The task :: Using the records that appear below, write out exactly the lines from the one with "2022 Ford Ranger XLT 4X4" through the one with "Rybářský naviják TICA", keeping both end lines.

Excerpted records ::
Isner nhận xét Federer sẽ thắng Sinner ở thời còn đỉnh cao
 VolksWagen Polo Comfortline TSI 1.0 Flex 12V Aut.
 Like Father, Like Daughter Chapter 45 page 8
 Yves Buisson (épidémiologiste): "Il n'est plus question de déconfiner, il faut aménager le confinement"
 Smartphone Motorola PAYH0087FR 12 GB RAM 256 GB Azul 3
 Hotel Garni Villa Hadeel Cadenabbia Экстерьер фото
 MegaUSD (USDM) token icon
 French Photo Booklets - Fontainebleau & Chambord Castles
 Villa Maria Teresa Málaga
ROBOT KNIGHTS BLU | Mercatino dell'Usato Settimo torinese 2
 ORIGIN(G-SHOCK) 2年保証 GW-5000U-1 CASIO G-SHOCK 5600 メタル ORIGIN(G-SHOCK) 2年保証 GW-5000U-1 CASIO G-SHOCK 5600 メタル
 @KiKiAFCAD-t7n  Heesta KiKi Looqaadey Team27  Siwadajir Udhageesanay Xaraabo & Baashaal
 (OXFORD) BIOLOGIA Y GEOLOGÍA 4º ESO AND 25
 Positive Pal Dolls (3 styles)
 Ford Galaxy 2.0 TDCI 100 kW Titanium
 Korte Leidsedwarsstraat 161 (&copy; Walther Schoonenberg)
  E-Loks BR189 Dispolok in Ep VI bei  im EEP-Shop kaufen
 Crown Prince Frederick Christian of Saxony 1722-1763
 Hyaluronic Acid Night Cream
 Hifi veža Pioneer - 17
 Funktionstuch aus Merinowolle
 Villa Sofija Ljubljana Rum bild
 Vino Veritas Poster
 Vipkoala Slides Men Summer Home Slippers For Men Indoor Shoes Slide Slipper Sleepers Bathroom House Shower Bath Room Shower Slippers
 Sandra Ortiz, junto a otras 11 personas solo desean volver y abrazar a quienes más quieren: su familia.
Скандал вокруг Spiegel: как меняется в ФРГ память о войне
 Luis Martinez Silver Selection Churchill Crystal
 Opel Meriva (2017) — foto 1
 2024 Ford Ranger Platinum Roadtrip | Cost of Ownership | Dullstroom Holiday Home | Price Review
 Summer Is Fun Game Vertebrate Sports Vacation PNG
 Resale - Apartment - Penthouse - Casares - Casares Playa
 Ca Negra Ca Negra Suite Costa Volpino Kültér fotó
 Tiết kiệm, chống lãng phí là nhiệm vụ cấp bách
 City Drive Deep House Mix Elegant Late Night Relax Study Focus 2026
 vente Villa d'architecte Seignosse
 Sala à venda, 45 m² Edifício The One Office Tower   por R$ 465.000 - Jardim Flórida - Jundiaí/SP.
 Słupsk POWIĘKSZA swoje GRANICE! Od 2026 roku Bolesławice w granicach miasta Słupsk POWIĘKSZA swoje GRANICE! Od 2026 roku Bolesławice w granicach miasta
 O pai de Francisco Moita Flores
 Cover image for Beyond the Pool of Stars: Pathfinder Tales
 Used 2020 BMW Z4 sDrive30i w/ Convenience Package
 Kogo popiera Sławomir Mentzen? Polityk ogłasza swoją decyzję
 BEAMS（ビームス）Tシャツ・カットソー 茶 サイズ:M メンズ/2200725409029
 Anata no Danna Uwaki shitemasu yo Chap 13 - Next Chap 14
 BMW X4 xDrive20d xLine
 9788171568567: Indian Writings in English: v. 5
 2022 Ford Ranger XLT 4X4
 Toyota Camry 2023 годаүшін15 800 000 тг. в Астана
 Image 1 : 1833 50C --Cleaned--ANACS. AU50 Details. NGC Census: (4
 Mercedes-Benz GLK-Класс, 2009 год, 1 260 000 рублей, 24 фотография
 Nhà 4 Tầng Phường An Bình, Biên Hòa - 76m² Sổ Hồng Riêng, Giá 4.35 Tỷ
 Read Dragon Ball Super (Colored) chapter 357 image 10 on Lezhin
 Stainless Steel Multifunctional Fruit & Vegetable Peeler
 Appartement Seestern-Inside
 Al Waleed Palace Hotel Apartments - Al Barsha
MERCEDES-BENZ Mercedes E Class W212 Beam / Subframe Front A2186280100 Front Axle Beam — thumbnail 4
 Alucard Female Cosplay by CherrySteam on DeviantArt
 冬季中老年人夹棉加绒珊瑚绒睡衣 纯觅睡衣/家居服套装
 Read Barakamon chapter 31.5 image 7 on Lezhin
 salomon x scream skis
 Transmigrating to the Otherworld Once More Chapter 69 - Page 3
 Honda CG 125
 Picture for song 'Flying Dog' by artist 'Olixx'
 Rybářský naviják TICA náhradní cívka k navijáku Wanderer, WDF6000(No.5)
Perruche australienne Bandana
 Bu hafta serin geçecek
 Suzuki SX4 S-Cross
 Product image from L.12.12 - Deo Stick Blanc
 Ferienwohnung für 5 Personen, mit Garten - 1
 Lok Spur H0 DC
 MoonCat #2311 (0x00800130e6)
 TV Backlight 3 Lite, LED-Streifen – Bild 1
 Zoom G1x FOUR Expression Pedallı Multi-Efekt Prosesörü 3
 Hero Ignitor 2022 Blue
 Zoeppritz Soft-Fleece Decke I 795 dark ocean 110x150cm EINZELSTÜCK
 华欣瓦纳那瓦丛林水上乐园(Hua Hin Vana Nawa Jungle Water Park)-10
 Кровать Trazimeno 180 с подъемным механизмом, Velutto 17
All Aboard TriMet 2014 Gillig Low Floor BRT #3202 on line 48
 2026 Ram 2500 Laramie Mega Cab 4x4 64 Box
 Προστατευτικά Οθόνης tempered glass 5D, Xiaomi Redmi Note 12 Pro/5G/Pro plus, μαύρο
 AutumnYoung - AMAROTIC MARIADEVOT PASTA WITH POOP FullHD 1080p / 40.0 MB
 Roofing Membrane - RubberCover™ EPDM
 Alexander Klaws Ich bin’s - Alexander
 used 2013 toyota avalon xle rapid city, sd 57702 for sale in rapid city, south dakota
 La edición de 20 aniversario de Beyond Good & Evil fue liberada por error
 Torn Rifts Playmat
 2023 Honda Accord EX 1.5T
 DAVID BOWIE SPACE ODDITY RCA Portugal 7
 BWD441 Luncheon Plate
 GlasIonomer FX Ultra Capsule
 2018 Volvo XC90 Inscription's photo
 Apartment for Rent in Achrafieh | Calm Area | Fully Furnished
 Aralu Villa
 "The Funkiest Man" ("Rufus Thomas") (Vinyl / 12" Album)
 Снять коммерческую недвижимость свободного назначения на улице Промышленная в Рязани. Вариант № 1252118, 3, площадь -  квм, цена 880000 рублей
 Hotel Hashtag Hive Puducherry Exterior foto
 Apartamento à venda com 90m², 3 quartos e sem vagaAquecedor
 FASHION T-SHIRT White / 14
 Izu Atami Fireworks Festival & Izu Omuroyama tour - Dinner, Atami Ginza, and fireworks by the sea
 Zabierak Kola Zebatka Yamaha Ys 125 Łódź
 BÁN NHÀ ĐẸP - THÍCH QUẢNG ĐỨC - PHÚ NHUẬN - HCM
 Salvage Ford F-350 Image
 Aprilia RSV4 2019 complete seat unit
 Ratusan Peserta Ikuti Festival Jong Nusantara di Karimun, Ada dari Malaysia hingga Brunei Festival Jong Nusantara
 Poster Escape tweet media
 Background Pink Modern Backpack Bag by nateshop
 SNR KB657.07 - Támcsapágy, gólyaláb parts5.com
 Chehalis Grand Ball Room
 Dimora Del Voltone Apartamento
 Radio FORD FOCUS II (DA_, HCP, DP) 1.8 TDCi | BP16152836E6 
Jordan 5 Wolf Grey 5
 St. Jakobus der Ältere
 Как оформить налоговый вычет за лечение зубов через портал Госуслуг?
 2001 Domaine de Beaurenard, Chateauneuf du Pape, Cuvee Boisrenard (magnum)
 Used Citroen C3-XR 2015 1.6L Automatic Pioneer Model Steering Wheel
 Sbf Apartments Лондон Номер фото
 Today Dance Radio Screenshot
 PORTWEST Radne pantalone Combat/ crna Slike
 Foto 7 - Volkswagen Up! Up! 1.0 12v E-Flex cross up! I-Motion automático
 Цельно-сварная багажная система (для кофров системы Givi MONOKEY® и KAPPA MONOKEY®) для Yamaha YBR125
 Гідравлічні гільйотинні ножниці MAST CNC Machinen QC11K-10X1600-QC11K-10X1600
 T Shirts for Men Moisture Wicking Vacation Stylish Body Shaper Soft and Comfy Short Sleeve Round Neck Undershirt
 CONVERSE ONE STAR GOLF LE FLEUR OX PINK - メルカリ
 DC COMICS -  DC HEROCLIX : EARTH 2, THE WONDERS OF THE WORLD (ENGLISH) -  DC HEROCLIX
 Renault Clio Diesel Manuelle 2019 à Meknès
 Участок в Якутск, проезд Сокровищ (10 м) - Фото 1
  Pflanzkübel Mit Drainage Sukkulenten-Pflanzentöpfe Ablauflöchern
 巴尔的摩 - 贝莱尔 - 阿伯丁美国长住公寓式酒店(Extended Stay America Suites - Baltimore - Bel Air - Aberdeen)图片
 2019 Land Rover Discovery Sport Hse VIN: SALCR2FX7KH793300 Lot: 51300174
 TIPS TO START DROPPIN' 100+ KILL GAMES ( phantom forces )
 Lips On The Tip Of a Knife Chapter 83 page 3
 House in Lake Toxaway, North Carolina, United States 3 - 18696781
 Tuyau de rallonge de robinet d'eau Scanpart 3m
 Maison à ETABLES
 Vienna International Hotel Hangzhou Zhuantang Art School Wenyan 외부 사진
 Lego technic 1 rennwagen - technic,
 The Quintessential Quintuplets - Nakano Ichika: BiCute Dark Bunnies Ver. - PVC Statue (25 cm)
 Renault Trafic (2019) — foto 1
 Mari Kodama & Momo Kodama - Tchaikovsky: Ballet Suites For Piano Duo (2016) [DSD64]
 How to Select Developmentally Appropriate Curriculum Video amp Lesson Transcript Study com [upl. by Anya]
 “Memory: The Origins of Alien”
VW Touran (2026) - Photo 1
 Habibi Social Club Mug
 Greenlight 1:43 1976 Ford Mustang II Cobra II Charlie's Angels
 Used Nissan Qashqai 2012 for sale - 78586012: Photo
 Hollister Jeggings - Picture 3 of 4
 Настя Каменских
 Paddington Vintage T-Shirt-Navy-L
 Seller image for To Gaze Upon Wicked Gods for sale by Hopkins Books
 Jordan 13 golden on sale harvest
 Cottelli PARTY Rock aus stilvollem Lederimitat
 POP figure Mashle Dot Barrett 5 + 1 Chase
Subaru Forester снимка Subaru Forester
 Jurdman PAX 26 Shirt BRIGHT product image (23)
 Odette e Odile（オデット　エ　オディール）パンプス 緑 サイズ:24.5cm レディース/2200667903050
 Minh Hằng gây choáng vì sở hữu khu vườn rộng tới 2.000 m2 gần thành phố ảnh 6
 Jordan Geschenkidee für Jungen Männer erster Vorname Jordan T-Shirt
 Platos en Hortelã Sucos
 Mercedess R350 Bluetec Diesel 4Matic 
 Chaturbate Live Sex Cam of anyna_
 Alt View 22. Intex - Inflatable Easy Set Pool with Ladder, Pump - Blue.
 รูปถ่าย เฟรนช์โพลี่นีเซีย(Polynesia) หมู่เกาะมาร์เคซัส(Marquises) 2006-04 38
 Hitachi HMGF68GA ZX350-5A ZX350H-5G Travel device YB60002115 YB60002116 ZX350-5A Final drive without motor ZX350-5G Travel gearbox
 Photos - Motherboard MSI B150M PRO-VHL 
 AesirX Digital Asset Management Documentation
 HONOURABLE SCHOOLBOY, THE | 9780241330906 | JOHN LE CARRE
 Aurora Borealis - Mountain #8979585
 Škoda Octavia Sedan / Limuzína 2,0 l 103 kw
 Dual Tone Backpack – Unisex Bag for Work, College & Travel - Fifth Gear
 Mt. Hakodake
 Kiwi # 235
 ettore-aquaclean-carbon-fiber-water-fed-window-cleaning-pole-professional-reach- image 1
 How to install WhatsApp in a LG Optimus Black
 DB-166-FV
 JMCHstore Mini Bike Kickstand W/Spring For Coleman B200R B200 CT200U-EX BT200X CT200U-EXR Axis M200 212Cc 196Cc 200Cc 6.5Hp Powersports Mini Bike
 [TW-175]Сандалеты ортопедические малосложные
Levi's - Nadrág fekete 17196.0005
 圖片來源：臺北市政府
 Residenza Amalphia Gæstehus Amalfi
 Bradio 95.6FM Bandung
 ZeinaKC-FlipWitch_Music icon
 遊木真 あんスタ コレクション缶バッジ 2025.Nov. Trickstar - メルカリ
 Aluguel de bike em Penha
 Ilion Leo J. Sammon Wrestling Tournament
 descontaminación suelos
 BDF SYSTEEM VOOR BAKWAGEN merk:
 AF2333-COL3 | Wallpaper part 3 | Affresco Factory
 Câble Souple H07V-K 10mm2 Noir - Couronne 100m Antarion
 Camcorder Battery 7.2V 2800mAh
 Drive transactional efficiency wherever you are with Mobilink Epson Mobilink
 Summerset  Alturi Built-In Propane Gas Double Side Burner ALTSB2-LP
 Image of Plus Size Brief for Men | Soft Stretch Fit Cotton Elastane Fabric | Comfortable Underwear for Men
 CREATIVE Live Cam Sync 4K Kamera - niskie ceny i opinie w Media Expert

Completed exercise ::
 2022 Ford Ranger XLT 4X4
 Toyota Camry 2023 годаүшін15 800 000 тг. в Астана
 Image 1 : 1833 50C --Cleaned--ANACS. AU50 Details. NGC Census: (4
 Mercedes-Benz GLK-Класс, 2009 год, 1 260 000 рублей, 24 фотография
 Nhà 4 Tầng Phường An Bình, Biên Hòa - 76m² Sổ Hồng Riêng, Giá 4.35 Tỷ
 Read Dragon Ball Super (Colored) chapter 357 image 10 on Lezhin
 Stainless Steel Multifunctional Fruit & Vegetable Peeler
 Appartement Seestern-Inside
 Al Waleed Palace Hotel Apartments - Al Barsha
MERCEDES-BENZ Mercedes E Class W212 Beam / Subframe Front A2186280100 Front Axle Beam — thumbnail 4
 Alucard Female Cosplay by CherrySteam on DeviantArt
 冬季中老年人夹棉加绒珊瑚绒睡衣 纯觅睡衣/家居服套装
 Read Barakamon chapter 31.5 image 7 on Lezhin
 salomon x scream skis
 Transmigrating to the Otherworld Once More Chapter 69 - Page 3
 Honda CG 125
 Picture for song 'Flying Dog' by artist 'Olixx'
 Rybářský naviják TICA náhradní cívka k navijáku Wanderer, WDF6000(No.5)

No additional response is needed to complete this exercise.